It is estimated that over 80% of employers conduct background checks on potential candidates that they are looking to hire, and some of these background checks now include social media checks on Facebook, LinkedIn and Twitter accounts. Almost everyone is on Facebook these days, and while it’s great for your personal life and for keeping in contact with friends and acquaintances, I am finding that it is becoming more and more detrimental to candidates’ job searches.
Companies conduct background checks in order to try to paint an accurate picture of who you really are and to avoid negligent hiring. They want to hire people they can trust to represent the company, and what better way to find out about “the real you” than through social media sites.

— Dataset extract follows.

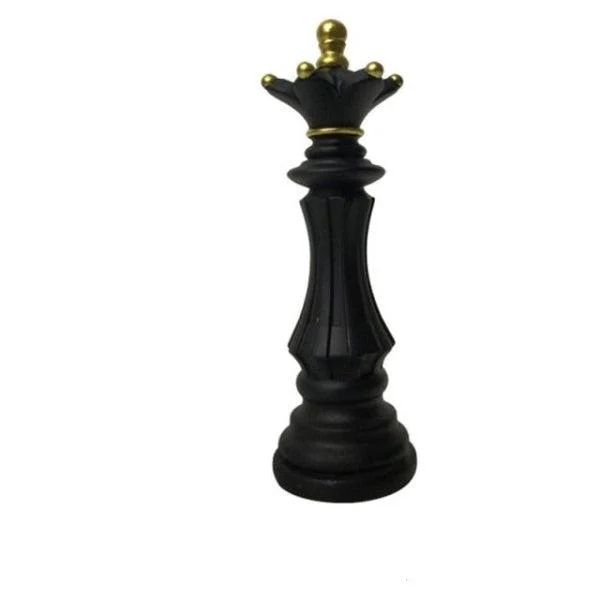 Chess Piece Decor -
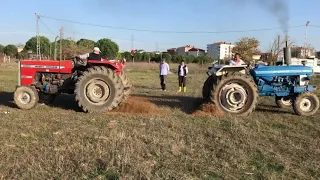 Ford vs Massey Ferguson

Facebook is an interesting (and free) way for employers to check up on you. Not only can they see your basic information, but they can also see your photos and what you discuss with other people on your wall. They can see what networks you belong to and even where you work. For the most part, companies don’t care about how you spend your free time – as long as it’s legal. What they are looking for are racist remarks (not only by you, but also by people who post on your page), sexually explicit photos or videos, and flagrant displays of illegal activity. Any signs of these will raise red flags to anyone performing your background check, and this can hinder your chances at securing your job.
You don’t need to panic and start deleting all of your photos and wall posts right away… especially if you don’t think you have anything to worry about. To start with, what you can do is check – and frequently recheck – your privacy settings on these sites. You might think that your privacy settings are all turned on, but the truth is that many social media sites update and reset these settings on a regular basis, and you might not even know that yours have accidentally been switched off.
The most important thing you can do is be more aware of what you have on your social media sites and go from there. Go through your photos (yes, even from those college days) as you never know what you might find. Are there “questionable” photos of you? Are there inappropriate remarks somewhere on your page that might be taken the wrong way? If you have to think about it, un-tag yourself or delete it…it’s not worth the risk.